- Original language: English
- Written by: Louis La Russo II
- Characters: Millie Grant John Mogan Larry Freede Beatrice Grant Chet Grant Chester Grant Wilfred Dee

Premiere
- Date: 11 October 1976
- Place: Bijou Theatre

= Wheelbarrow Closers =

Wheelbarrow Closers is a 1976 play written by Louis La Russo II. The show opened at the Bijou Theatre on October 11, 1976 and closed on October 16, 1976 after 8 performances.

==Plot==
In the present at the Grant household, a tough sales executive comes to grips with the problem of his own retirement.

==Original production==
The show was directed by Paul Sorvino, scenery Charles Carmello Jr., supervised by Ken Billington, costumes Jan Wallace, supervised Carol Luiken, lighting Leon Di Leone, associate producers Michael Bash, Howard Wesson, and Irving Warhaftig, production stage manager Gary Stein, and press by Max Eisen, Barbara Glenn, Irene Gandy, and Judy Jacksina.

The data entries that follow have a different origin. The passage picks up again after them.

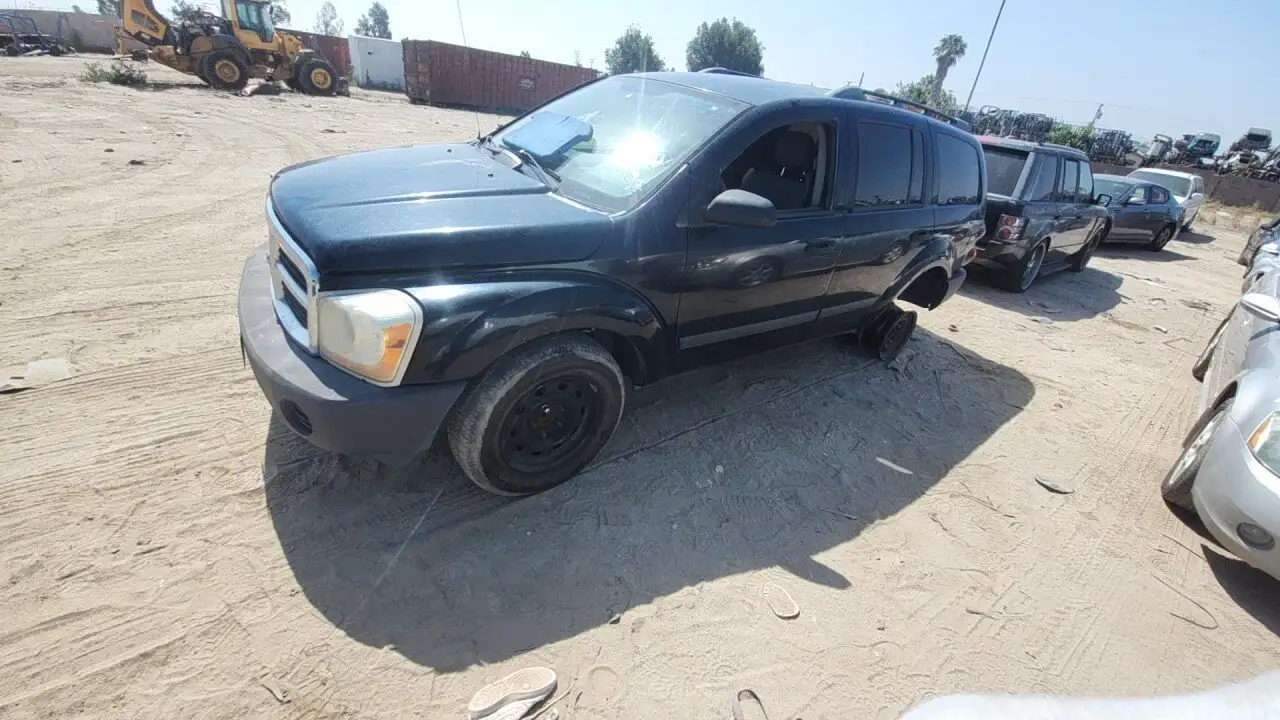 Photo of 2005 Dodge Durango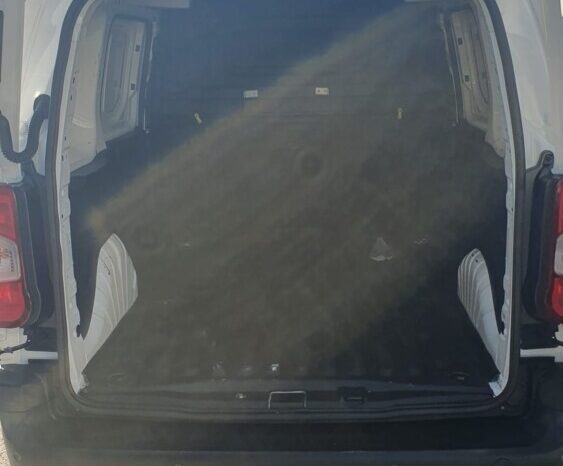 Peugeot Partner 1.5 BlueHdi 102CV 1000KG premium pieno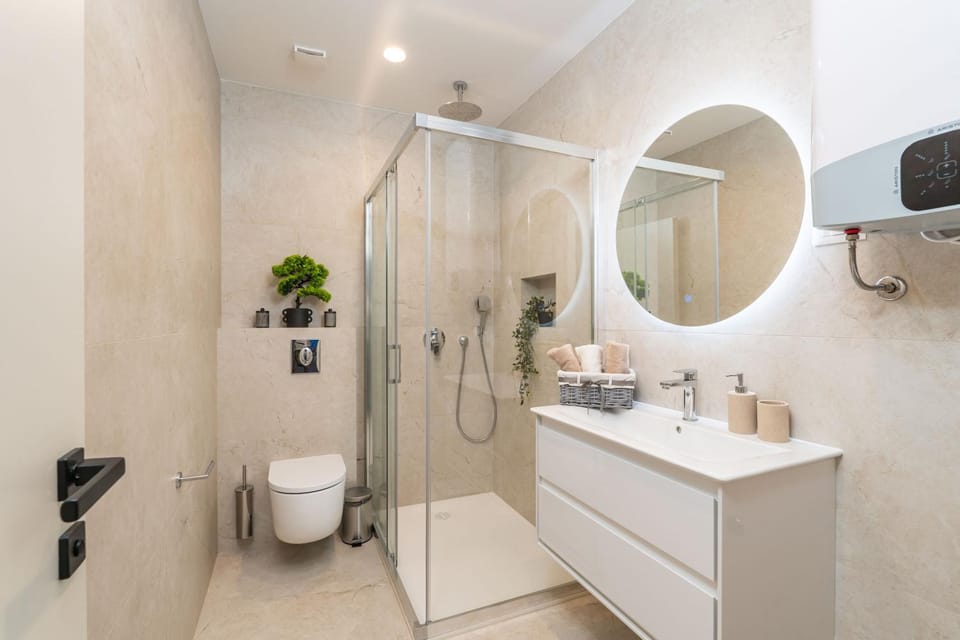 Shower, Toilet, Bathroom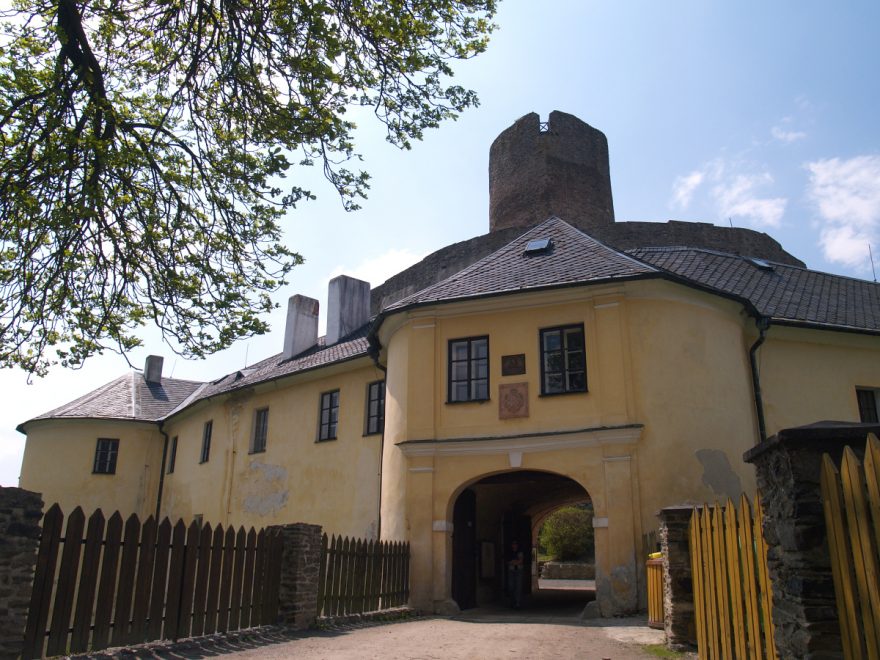 Vstupní brána hradu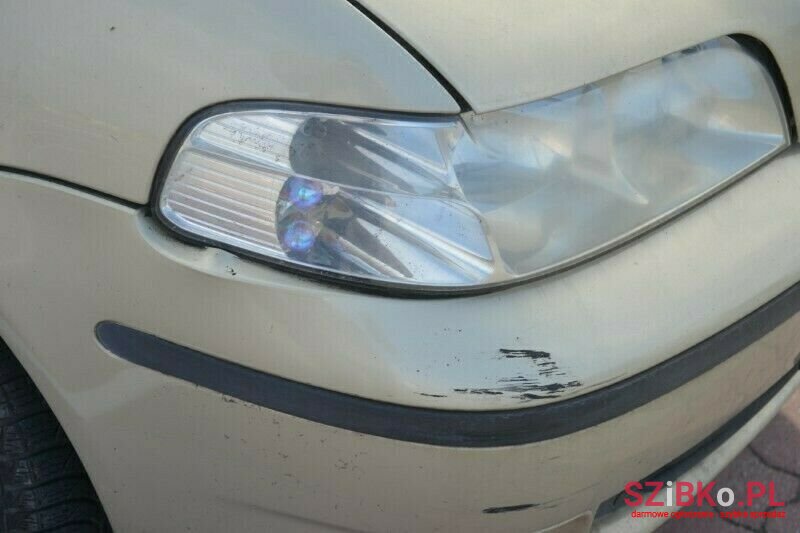 2005' Fiat Albea photo #4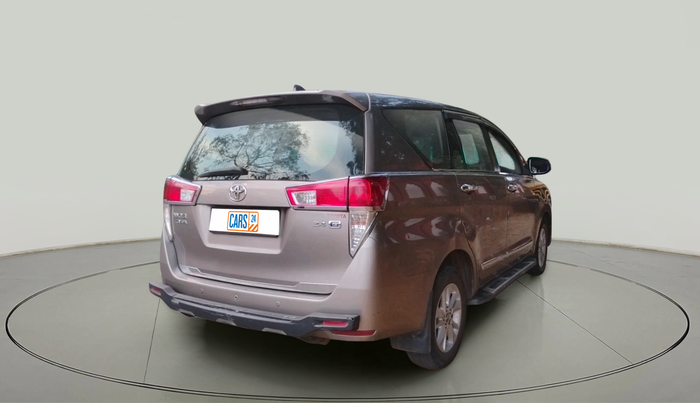 2017 Toyota Innova Crysta 2.4 G 8 STR, Diesel, Manual, 1,52,229 km, exterior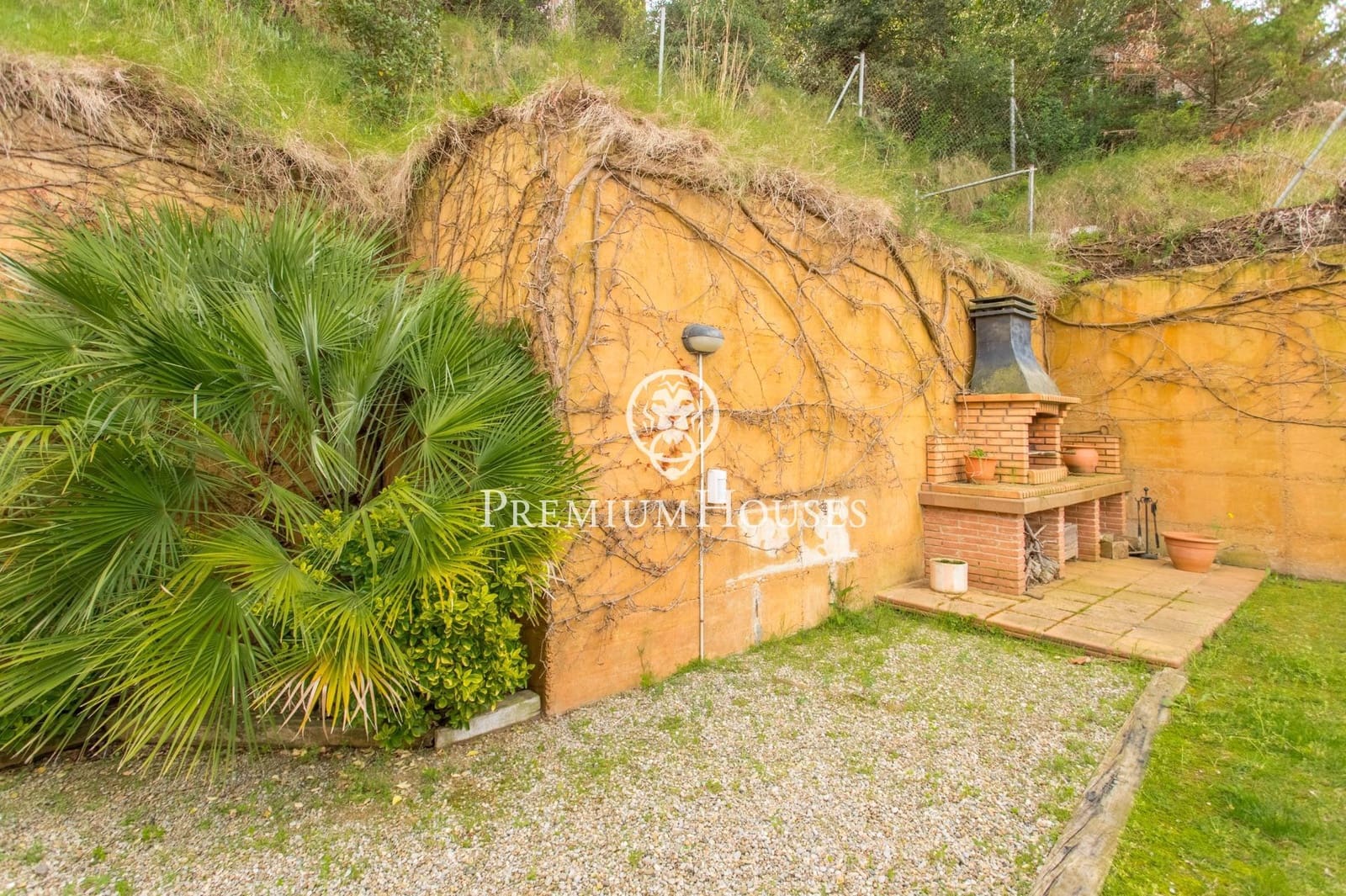 6 quarto Moradia para venda em Caldes d'Estrac com piscina garagem - 830 000 € (Ref: 9205074)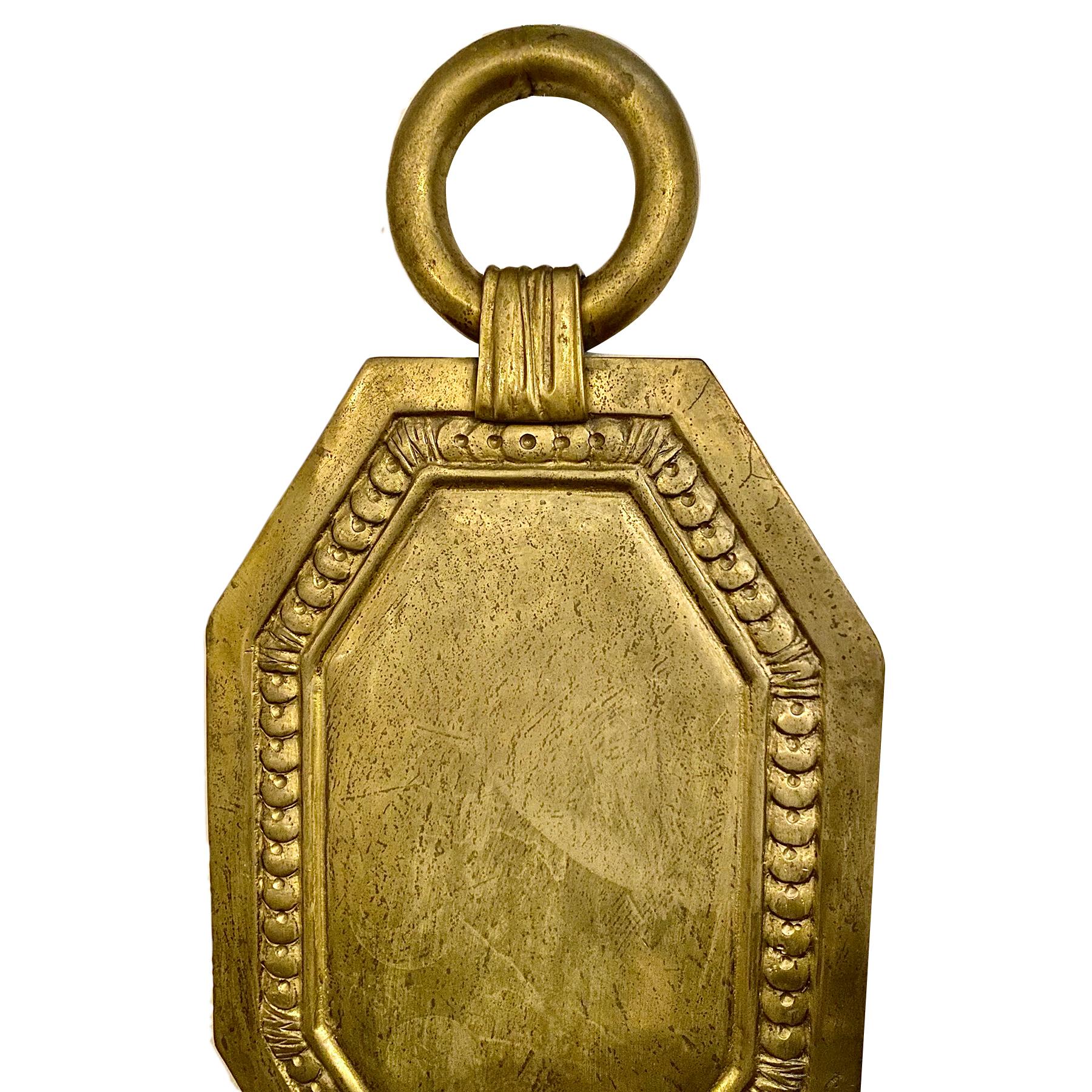 Un ensemble de quatre appliques à deux bras en bronze doré français datant des années 1920. Vendu par paire.

Mesures :
Hauteur : 20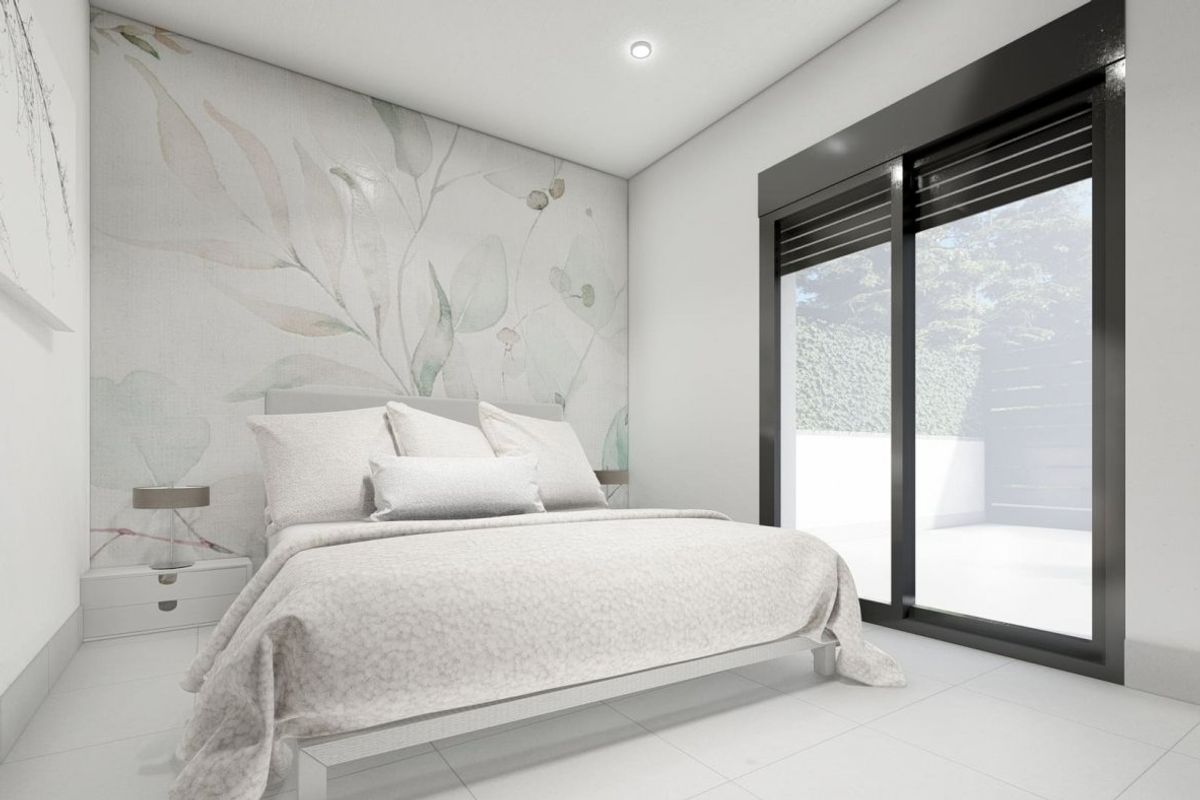 Gezellige slaapkamer met elegante decoratie en grote ramen die natuurlijk licht bieden in de villa in Torre Pacheco.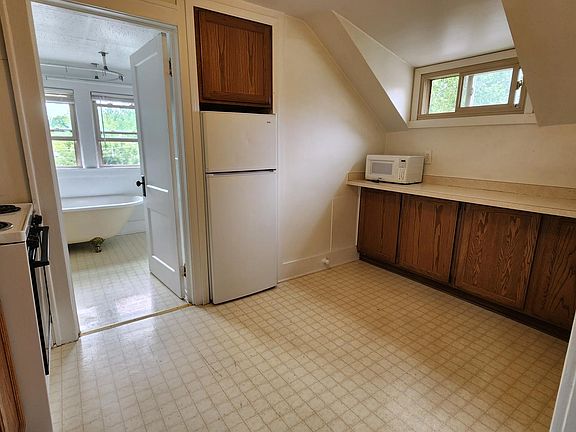 5th image of 1143 Beaconsfield Ave #5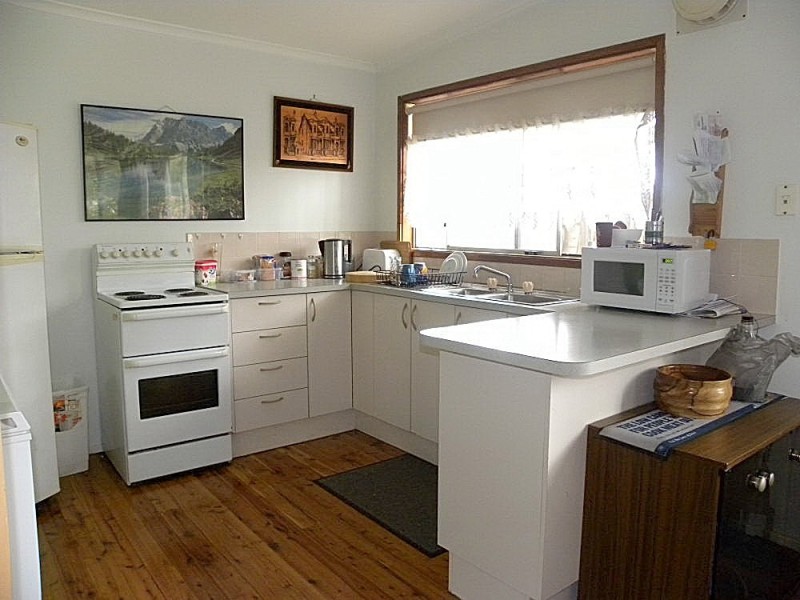 22 Berrima Parade, Surfside NSW 2536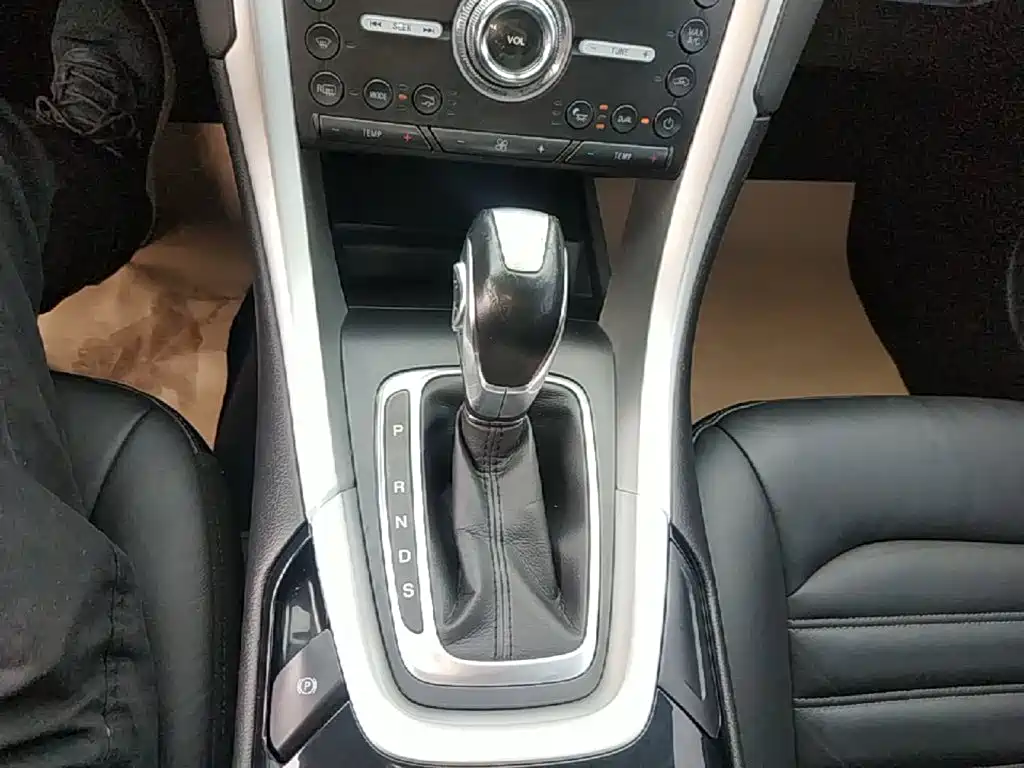 Ford Mondeo — миниатюра 14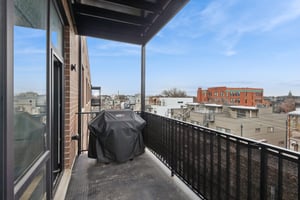 504 N Leavitt St_011.jpg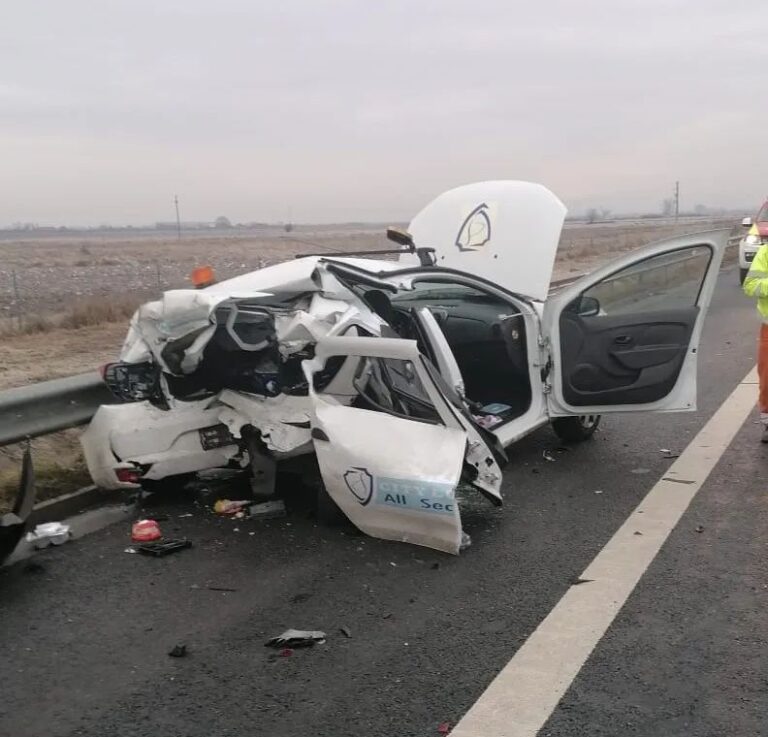 Accident pe A1: maşina firmei de pază a fost făcută praf!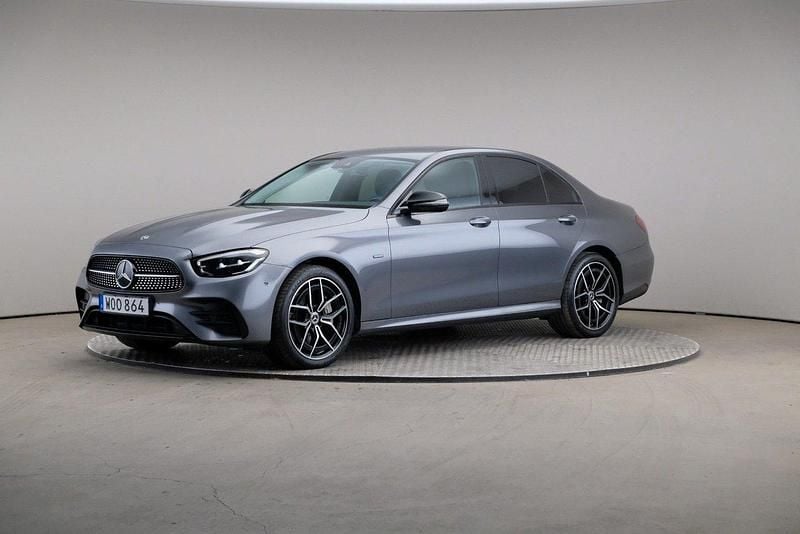 Grå Begagnad 2021 Mercedes E300 AMG Sedan | 449 000 kr (Marknadspris) - Bild 1/4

The cast starred Norah Foster (Millie Grant), Ray Serra (John Mogan), Harvey Seigel (Larry Freede), Frances Helm (Beatrice Grant), James Allan Bartz (Chet Grant), Danny Aiello (Chester Grant), and Tom Degidon (Wilfred Dee).

==Adaptations==
It was adapted into the 1990 film The Closer, starring Danny Aiello, Michael Paré, and Justine Bateman.